§ **EXERCISE DESCRIPTION**
A faithful, complete transcript of the entries below, without pictures, should be returned.

Captioned web images
+++++

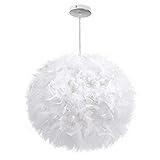 Juesi Feather lamp, Fluffy Plume Light for Ceiling Pendant Light, Nordic-Style Feather Chandelier...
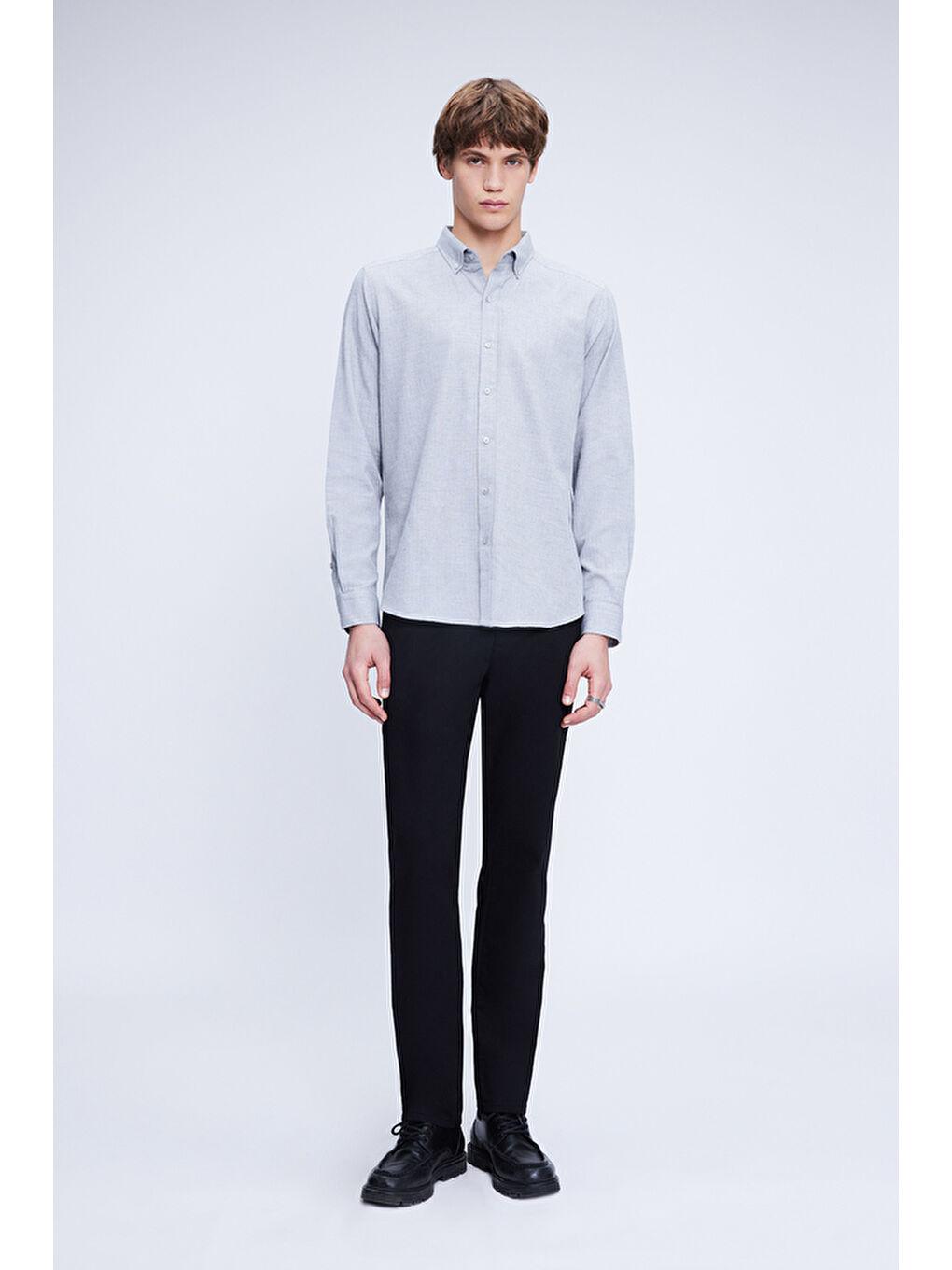 Gri Slim Fit Uzun Kol Düğmeli Yaka Flanel %100 Pamuk Gömlek-1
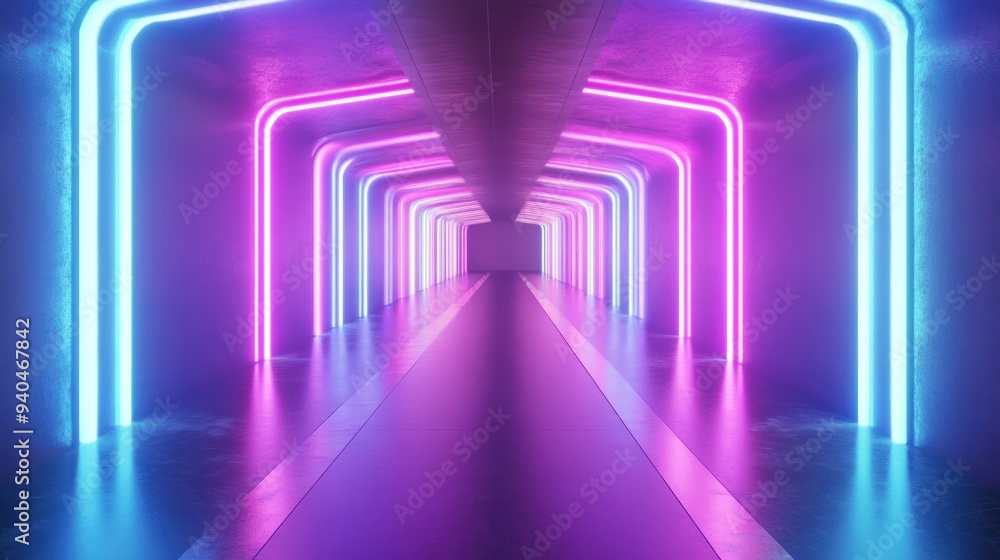 Neon Lights Illuminating a Futuristic Tunnel Neon Lights Illuminating a Futuristic Tunnel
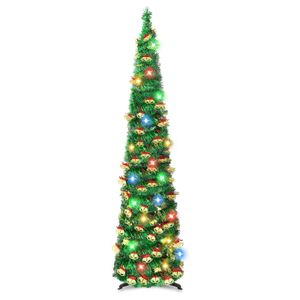Árboles de Navidad de 5 pies con 90 luces LED, árbol de Navidad plegable de lentejuelas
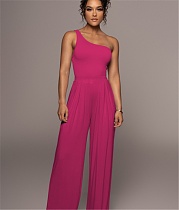 One Shoulder Sleeveless Top Wide Leg Pants Outfits ANDI-1360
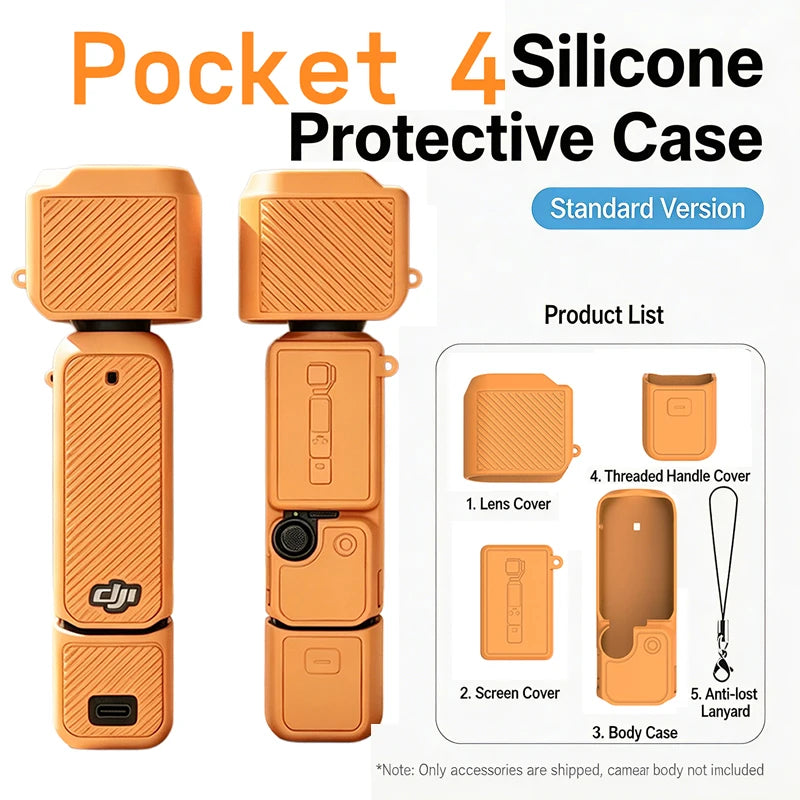 New Silicone Protective Case Set for DJI Pocket 4 Scratch-resistant Shock-resistant Protective Case for Camera Shell Accessories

+++++

§ **RESPONSE FOR THIS EXERCISE**
 Juesi Feather lamp, Fluffy Plume Light for Ceiling Pendant Light, Nordic-Style Feather Chandelier...
 Gri Slim Fit Uzun Kol Düğmeli Yaka Flanel %100 Pamuk Gömlek-1
 Neon Lights Illuminating a Futuristic Tunnel Neon Lights Illuminating a Futuristic Tunnel
Árboles de Navidad de 5 pies con 90 luces LED, árbol de Navidad plegable de lentejuelas
 One Shoulder Sleeveless Top Wide Leg Pants Outfits ANDI-1360
 New Silicone Protective Case Set for DJI Pocket 4 Scratch-resistant Shock-resistant Protective Case for Camera Shell Accessories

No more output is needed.